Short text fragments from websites

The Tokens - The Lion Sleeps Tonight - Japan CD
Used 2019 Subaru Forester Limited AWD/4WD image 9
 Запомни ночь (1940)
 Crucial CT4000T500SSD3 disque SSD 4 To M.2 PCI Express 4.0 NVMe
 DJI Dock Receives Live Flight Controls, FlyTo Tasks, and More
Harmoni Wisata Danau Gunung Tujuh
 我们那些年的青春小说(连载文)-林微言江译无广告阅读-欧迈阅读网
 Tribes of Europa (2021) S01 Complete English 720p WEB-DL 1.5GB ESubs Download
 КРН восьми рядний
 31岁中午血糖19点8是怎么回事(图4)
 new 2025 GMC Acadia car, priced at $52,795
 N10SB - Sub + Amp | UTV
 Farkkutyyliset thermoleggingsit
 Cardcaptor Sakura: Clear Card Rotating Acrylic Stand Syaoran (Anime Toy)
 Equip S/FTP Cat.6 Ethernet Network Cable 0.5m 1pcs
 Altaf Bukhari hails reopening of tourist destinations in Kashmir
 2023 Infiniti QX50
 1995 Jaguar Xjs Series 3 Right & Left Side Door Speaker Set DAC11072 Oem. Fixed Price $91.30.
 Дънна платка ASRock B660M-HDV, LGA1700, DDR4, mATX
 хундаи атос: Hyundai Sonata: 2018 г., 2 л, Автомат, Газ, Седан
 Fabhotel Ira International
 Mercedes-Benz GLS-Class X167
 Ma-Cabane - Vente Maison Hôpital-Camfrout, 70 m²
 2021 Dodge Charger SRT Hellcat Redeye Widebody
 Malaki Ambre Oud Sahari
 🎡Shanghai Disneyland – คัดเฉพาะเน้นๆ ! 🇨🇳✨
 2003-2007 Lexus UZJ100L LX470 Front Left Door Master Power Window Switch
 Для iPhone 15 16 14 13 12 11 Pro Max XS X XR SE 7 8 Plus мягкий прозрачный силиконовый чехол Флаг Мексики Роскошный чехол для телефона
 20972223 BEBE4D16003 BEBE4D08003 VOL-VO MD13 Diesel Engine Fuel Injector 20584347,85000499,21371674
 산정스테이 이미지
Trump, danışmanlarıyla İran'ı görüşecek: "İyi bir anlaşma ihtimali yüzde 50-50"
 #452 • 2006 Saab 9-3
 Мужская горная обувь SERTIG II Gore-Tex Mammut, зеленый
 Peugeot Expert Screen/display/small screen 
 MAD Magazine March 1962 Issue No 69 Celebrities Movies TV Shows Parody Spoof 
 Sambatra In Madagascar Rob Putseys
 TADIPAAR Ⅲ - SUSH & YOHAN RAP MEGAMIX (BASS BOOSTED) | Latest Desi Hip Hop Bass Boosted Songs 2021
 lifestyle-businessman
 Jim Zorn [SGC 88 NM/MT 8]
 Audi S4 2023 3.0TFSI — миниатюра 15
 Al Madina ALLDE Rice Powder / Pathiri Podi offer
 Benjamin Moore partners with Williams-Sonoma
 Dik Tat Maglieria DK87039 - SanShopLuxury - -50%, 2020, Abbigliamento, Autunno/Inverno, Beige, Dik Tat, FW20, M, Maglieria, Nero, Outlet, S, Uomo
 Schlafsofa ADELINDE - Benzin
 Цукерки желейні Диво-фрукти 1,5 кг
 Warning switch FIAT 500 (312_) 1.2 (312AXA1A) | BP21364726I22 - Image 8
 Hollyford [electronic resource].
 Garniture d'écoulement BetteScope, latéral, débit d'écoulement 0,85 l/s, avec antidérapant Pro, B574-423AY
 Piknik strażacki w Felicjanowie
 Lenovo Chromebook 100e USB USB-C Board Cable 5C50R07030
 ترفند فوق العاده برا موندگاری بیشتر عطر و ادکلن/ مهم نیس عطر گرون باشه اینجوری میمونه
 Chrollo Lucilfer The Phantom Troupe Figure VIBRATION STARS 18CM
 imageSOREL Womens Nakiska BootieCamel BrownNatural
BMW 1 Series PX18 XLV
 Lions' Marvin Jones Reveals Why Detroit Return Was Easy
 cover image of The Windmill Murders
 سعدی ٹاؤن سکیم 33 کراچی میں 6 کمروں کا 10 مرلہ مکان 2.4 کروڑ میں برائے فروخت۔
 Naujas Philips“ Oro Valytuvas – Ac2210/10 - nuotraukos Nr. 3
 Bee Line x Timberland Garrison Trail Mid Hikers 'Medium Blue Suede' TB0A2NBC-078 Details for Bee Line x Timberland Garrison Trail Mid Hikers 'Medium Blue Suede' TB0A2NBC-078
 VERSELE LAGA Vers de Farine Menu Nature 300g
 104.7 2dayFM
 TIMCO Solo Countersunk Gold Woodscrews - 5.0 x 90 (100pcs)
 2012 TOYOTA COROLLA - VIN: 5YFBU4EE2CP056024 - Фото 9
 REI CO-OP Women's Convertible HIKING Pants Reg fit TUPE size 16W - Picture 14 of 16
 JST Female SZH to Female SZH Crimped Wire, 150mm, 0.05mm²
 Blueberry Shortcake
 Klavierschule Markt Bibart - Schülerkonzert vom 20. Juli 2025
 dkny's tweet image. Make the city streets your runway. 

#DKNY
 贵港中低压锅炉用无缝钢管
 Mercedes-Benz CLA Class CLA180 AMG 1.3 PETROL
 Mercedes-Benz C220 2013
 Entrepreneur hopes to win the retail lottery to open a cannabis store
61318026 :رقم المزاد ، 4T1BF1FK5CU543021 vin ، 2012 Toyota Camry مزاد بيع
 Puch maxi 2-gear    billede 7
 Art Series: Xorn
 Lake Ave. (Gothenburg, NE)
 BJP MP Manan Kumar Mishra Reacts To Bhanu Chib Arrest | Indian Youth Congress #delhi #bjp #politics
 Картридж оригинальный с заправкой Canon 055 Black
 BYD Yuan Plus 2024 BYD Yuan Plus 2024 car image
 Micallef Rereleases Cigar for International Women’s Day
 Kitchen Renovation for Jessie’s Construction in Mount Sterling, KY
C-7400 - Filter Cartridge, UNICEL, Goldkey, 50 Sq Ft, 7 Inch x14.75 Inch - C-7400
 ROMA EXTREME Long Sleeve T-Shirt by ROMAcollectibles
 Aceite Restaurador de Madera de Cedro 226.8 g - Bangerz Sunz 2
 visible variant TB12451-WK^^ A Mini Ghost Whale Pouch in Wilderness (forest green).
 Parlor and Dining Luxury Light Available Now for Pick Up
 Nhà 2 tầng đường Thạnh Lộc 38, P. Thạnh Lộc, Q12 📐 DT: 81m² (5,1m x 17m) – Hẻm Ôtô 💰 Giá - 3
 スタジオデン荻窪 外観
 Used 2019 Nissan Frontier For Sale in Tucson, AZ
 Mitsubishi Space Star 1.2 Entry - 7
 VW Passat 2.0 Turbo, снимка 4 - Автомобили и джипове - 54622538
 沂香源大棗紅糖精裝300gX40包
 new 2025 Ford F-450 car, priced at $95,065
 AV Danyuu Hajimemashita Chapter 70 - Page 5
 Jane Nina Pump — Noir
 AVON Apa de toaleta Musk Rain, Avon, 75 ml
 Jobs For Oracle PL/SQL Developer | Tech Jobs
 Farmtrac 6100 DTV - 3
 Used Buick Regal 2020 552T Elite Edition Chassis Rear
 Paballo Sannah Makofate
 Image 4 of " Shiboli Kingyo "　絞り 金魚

Task prompt
Show a copy of each line from the records above in which the string "Left" occurs.

Solved exercise
 1995 Jaguar Xjs Series 3 Right & Left Side Door Speaker Set DAC11072 Oem. Fixed Price $91.30.
 2003-2007 Lexus UZJ100L LX470 Front Left Door Master Power Window Switch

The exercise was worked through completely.